The Upside of Anger

Photo: Alex Cayley

Liev Schreiber enters on cue, upstage left, into what looks like a radio station, holding a coffee cup and a Danish. He’s rehearsing the part of Barry Champlain, the acerbic call-in host of Eric Bogosian’s eighties screed Talk Radio, a role for which he’s grown a gray-flecked beard, and there’s a dash of nicotine gravel in his booming voice. “I’m getting a fuckin’ gun. Kill ’em all!” Barry shouts to his producers—his aggro take on the “traffic was a bitch” routine. But then Schreiber suddenly raises his arms and stops rehearsal.

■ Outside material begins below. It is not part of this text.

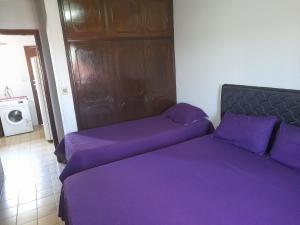 Ένα ή περισσότερα κρεβάτια σε δωμάτιο στο AparWil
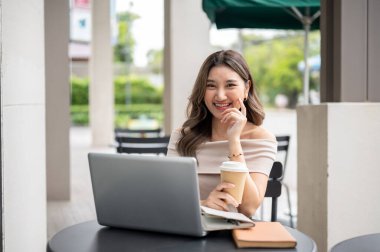 Kafe masasında dizüstü bilgisayarlı kahve fincanı tutan uzun saçlı Asyalı kadın, yanağına dokunarak gülümsüyor. Çalışıyorum ya da çalışıyorum, dışarıda takılıyorum..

“Hey, I just thought of a food lazzi,” he says with a gleam in his eye (lazzi being a commedia dell’arte term for shtick). Director Robert Falls looks on, bemused, as Schreiber runs with it, waltzing two cast members around in a klutzy routine, as they pass his pastry behind their backs while Barry threatens to murder bad drivers. “It’s gonna be funny,” Schreiber keeps repeating. Falls finally pipes up: “What about your entrance applause?” he asks, worried about the obligatory audience cheer for a real-life celebrity onstage. “That’s what stops the entrance applause,” says Schreiber.

Over 45 minutes of rehearsal, Schreiber smokes three or four cigarettes, and it’s hard not to think he’s a little tense. During another scene, Michael Laurence, playing Barry’s operator, smacks the console.

“Could you—when you slammed your hand down like that, it just really stopped me,” says Schreiber. “It’s really distracting.”

“That was just me being enthusiastic about your acting,” says Laurence, rolling his eyes.

After his “food lazzi” is scrapped (“It’s just too cute, right?”), Schreiber apologizes to Laurence. “I wish you weren’t here for that,” he says to me later, sinking his lanky body into a plush couch in his dressing room. He chalks up his agitation to nicotine, caffeine, and “spillover” from his part. “It can make you kind of a pain in the ass. I’m bossy,” he says, holding my tape recorder to make sure it picks up his voice. “I’m still amped up right now.”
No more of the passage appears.